Parsnip Cake - similar to its cousin the carrot cake, with unique spices and flavor!

Parsnip cake! It’s a thing, a very delicious thing. You probably haven’t had one before (or maybe you have; you’re more worldly than me). But I’m here to tell you that it’s delicious and you should stop what you’re doing and make it immediately.

I don’t think I ate parsnips growing up – or at least if I did, they didn’t make an impression on me. I first started eating them with regularity in law school, when I saw curious “white carrots” pop up at the grocery store in wintertime. That was around the time I had finally learned how to properly roast a vegetable (i.e. to roast them at high heat so they become crispy, caramelized and delicious rather than sad, soggy and steamed).

Parsnip Cake - similar to its cousin the carrot cake, with unique spices and flavor!

I was determined to roast anything and everything – carrots, brussels sprouts, (kale chips anyone?), zucchini, potatoes – it all got thrown in the oven at 425. I discovered, however, when I tried parsnips for the first time, that they were much sweeter than the other root veggies, but also had a complex earthy flavor to them that I loved.

Parsnip Cake - similar to its cousin the carrot cake, with unique spices and flavor!

Since that time I’ve eaten as many parsnips as I can get every winter, for it seems they’re the best during that time even though they’re technically available year-round. Parsnips are delicious roasted, but they’re actually amazing mashed too, prepared exactly as you would mashed potatoes (I also add a little lemon juice for flavor). They also go well in soups and stews. You prepare them exactly as you would a carrot – trim off the stem and peel, then chop and use however you want!

When Imperfect Produce sent me a bag of them in a recent box, however, I was suddenly inspired to do something completely different: a new take on my favorite dessert ever, carrot cake.

(Note: for all the iterations of carrot cake and carrot cake-inspired recipes I’ve come up with so far, click here).

I grated the parsnips, used some warming spices (more emphasis on ginger than cinnamon since, well, it’s winter and we need it), put it in the oven, and hoped for the best. I figured since the texture and flavor profiles of parsnips and carrots are similar, a parsnip cake might just work.

And work, it did.

I don’t mean to pat myself on the back here, but — well who am I kidding, I’m going to pat myself on the back for this one. This parsnip cake is really, really good.
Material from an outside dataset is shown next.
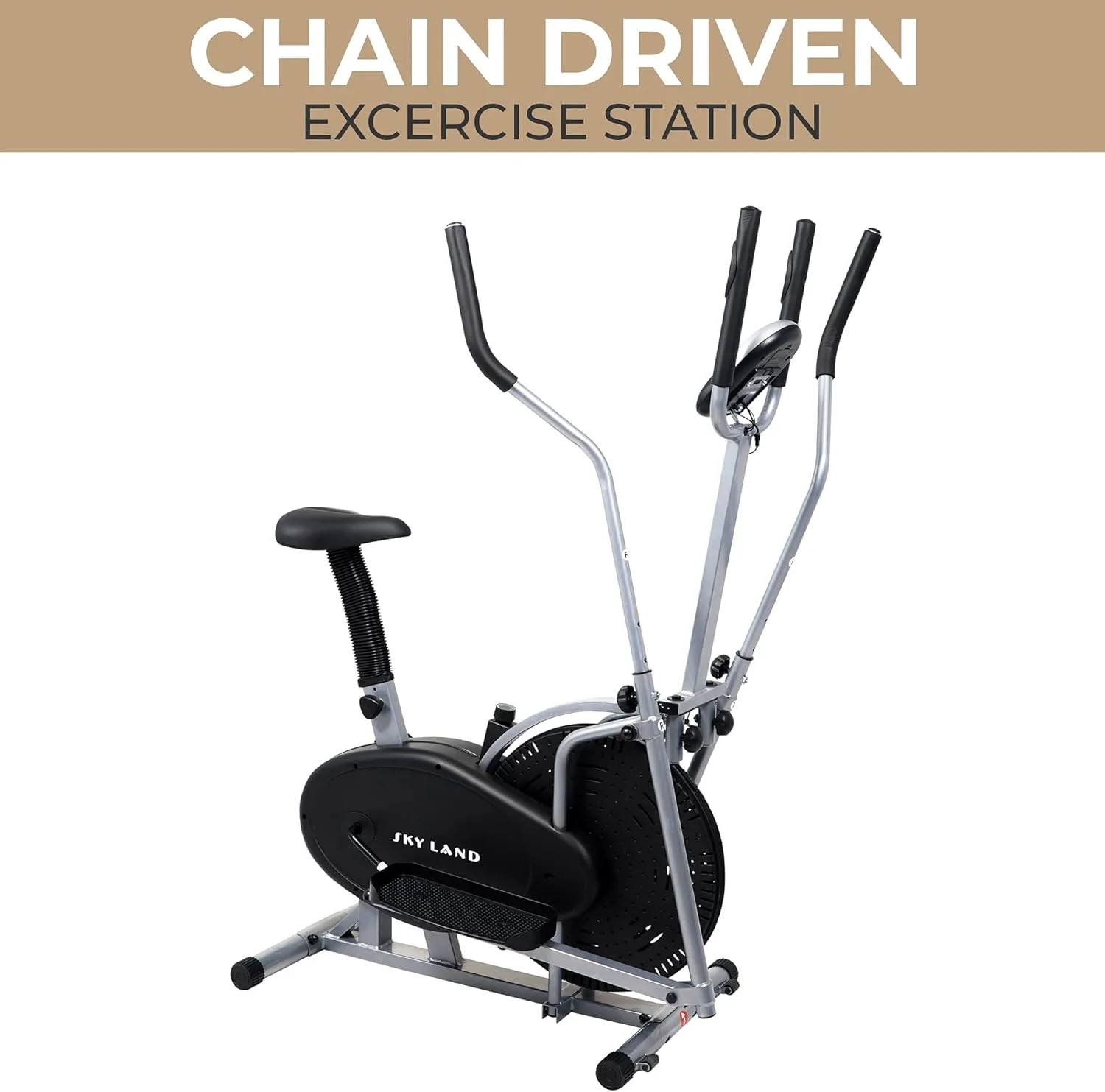 دستگاه الپتیکال و دوچرخه ثابت اسکای لند – دستگاه اوربیتراک 2 در 1 مناسب باشگاه خانگی، مقاومت قابل تنظیم، نمایشگر LCD، تمرین کل بدن، سیستم تسمه ای، تجهیزات تناسب اندام (EM-1502)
Then I made it better by adding cream cheese frosting, because we all know cream cheese frosting is the best.

Parsnip Cake - similar to its cousin the carrot cake, with unique spices and flavor!

The earthy, sweet flavor of the parsnip shines in this cake, and the spices complement it perfectly. The sweetness of the cake is offset by the tang of cream cheese frosting. It’s that tang that makes it so addictive when paired with sweet baked goods, but it also adds intrigue and complexity.

Basically, I could put cream cheese frosting on anything and probably be happy.

Parsnip Cake - similar to its cousin the carrot cake, with unique spices and flavor!

Some tips for baking your best parsnip cake:

Use a springform pan or a 9″ round pan with at least 2-inch high sides. This will ensure you get a flat rather than rounded cake, and since this cake is a little taller than a typical layer, it’s a good insurance policy. I like using a springform pan because it’s easier to cleanly release the cake.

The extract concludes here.